Born Liliane Marie-Madeleine Carré in Blaye, France, she was educated in convents and ballet schools in several European countries, including France, Spain andPortugal. At 14, she was enrolled as a dancer at the Opera de Paris.
By the age of 16, she was performing in popular music halls, eventually appearing in the Revue at the Casino de Paris. She also worked as a photographic model. Offered a role in film as a prize for winning a magazine beauty competition in 1921, she appeared in several silent films before being offered her first leading role in Das Spielzeug von Paris (1925) by Hungarian-born director Michael Curtiz. She was an instant success, and Curtiz directed her in two more films: Fiaker Nr 13 (1926) and Der Goldene Schmetterling (1926). Damita continued appearing in German productions directed by Robert Wiene (Die Grosse Abenteuerin; 1927), G.W. Pabst (Man Spielt nicht mit der Liebe; 1926), and British director Graham Cutts (The Queen Was in the Parlour; 1927).
In 1928, at the invitation of Samuel Goldwyn she went to Hollywood, making her American debut in a film titled The Rescue. Leased out to various studios, she appeared with stars such as Gary Cooper, Maurice Chevalier, Laurence Olivier, Cary Grant, and James Cagney. Her films included the box office successes The Cock-Eyed World(1929), the semi-silent The Bridge of San Luis Rey (1929), and This Is the Night (1932).

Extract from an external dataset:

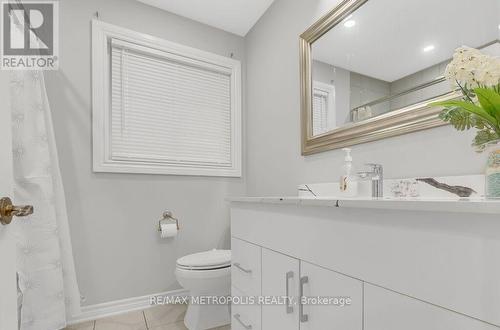 100 Warren Road, Kitchener, ON - Indoor Photo Showing Bathroom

In 1935, she married a virtual unknown who would become Hollywood's biggest box office attraction, Errol Flynn, with whom she had a son, Sean Flynn (born 1941). Following the marriage, she retired from the screen. The couple divorced in 1942. (Barbara Hershey portrayed her in the TV film My Wicked, Wicked Ways [1985] based on Errol Flynn's autobiography.)
While living in Palm Beach, Florida, Damita married Allen Loomis, a retired Fort Dodge, Iowa dairy owner, and spent part of each year living there.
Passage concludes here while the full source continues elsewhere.